* Task data *
>>>

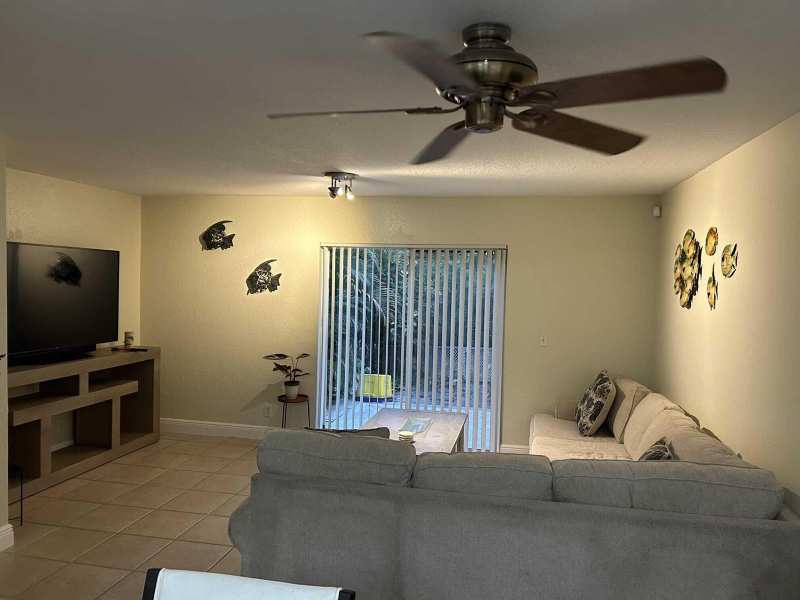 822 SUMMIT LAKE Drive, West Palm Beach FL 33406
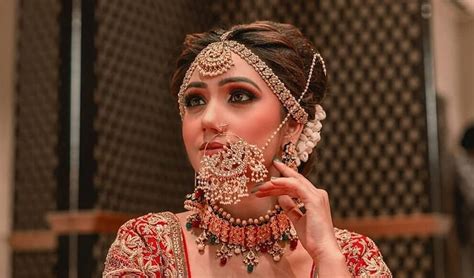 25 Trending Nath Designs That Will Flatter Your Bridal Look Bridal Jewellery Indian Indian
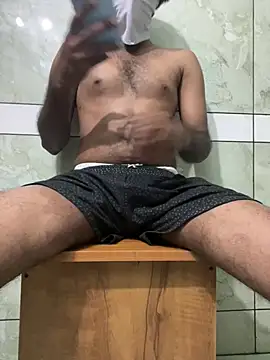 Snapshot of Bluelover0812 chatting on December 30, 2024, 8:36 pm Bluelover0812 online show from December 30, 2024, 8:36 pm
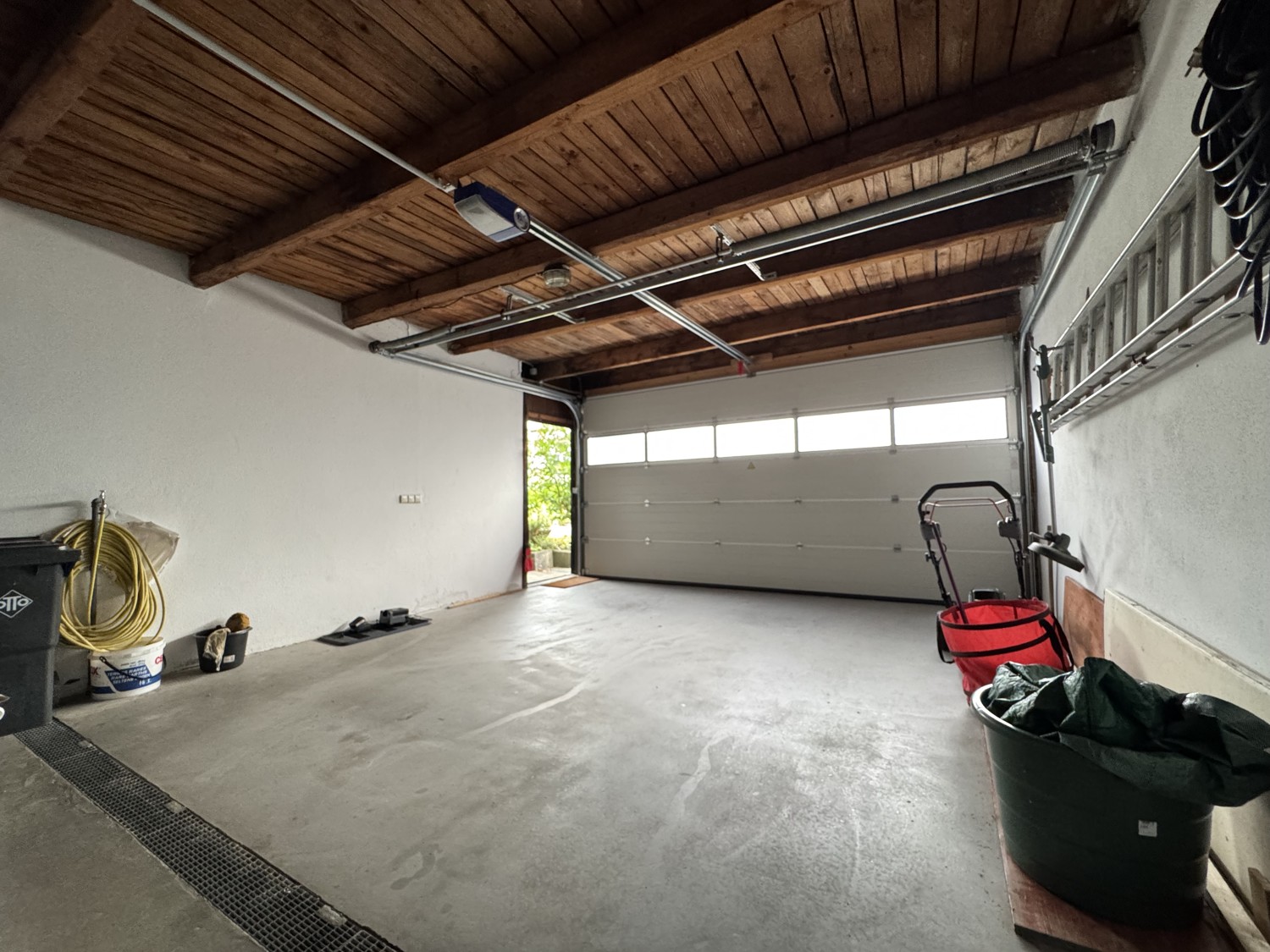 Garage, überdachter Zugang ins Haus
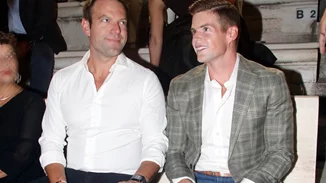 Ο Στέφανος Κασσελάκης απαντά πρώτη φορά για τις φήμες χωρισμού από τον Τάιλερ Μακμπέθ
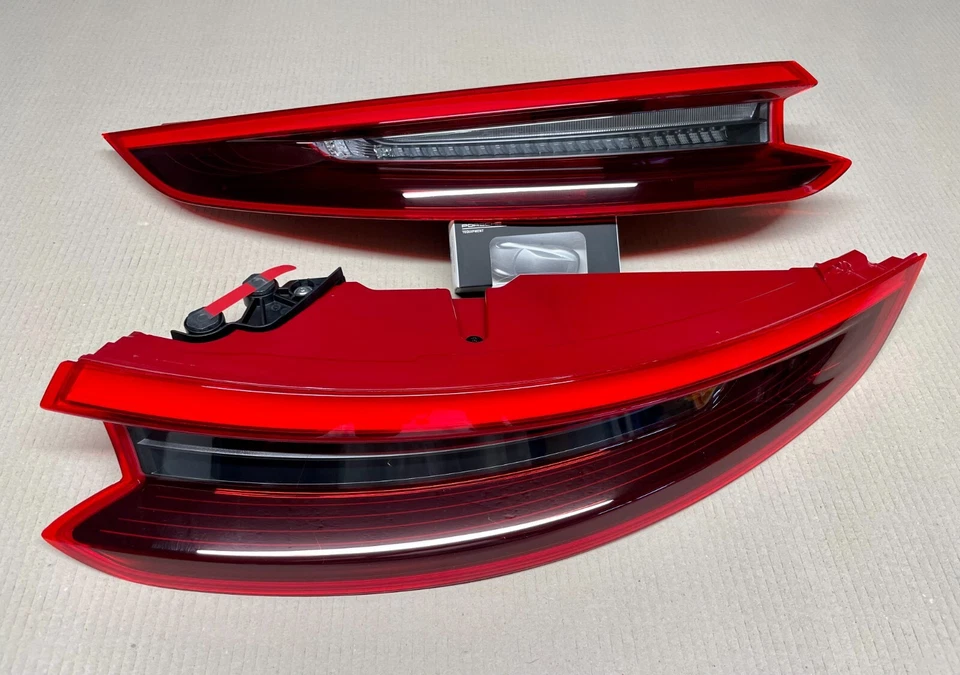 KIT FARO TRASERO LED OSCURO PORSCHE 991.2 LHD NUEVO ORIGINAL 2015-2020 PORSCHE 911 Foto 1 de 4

<<<
>>>

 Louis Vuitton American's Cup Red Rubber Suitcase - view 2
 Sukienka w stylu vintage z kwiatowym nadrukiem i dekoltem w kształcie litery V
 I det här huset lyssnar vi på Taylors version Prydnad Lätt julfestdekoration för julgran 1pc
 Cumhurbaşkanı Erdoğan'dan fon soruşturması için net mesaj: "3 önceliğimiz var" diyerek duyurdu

<<<
>>>

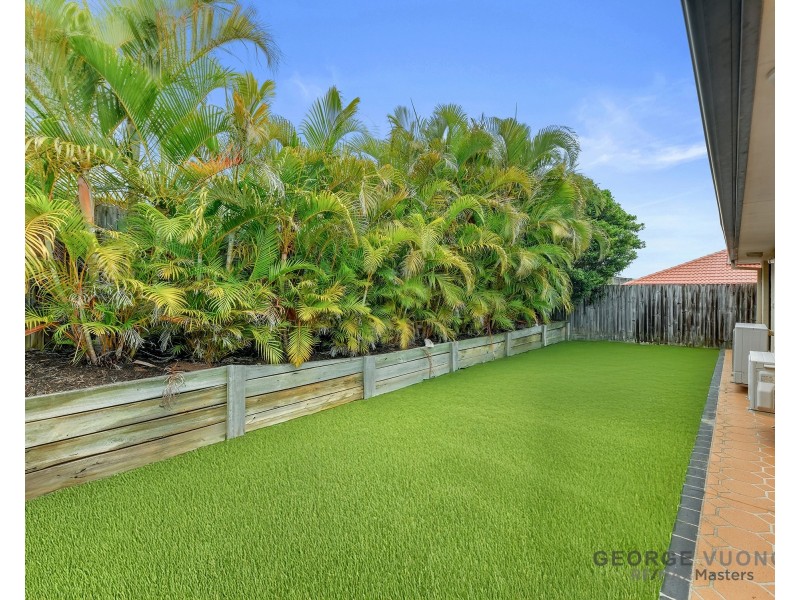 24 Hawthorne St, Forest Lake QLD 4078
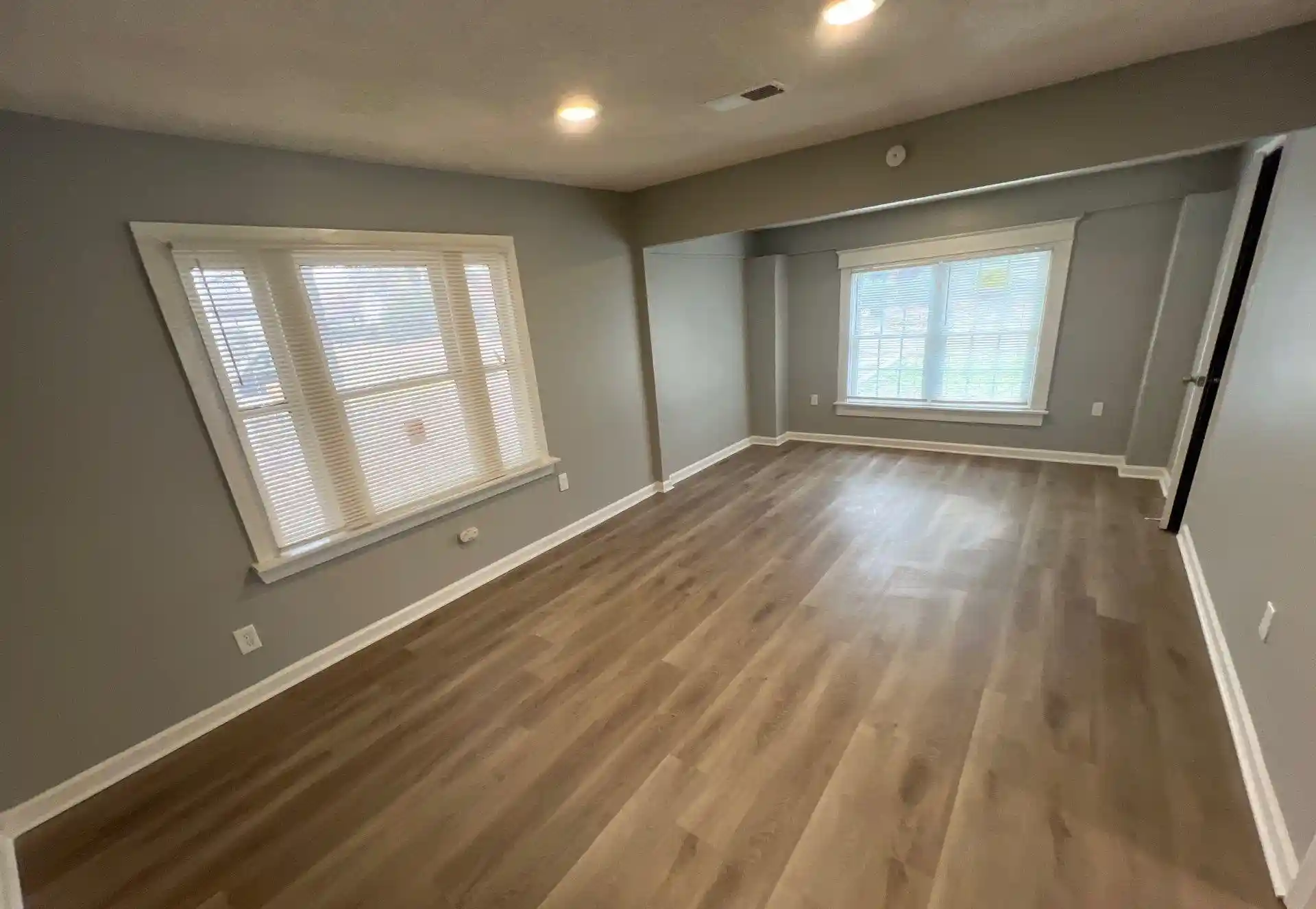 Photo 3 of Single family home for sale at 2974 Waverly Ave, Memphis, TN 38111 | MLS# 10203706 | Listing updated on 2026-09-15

<<<

* Exercise objective *
In the records above, everything from the line with "24 Hawthorne St, Forest Lake QLD 4078" down to the line with "Photo 3 of Single" must be duplicated exactly, both lines kept. Leave no pictures in.

* Output below *
 24 Hawthorne St, Forest Lake QLD 4078
 Photo 3 of Single family home for sale at 2974 Waverly Ave, Memphis, TN 38111 | MLS# 10203706 | Listing updated on 2026-09-15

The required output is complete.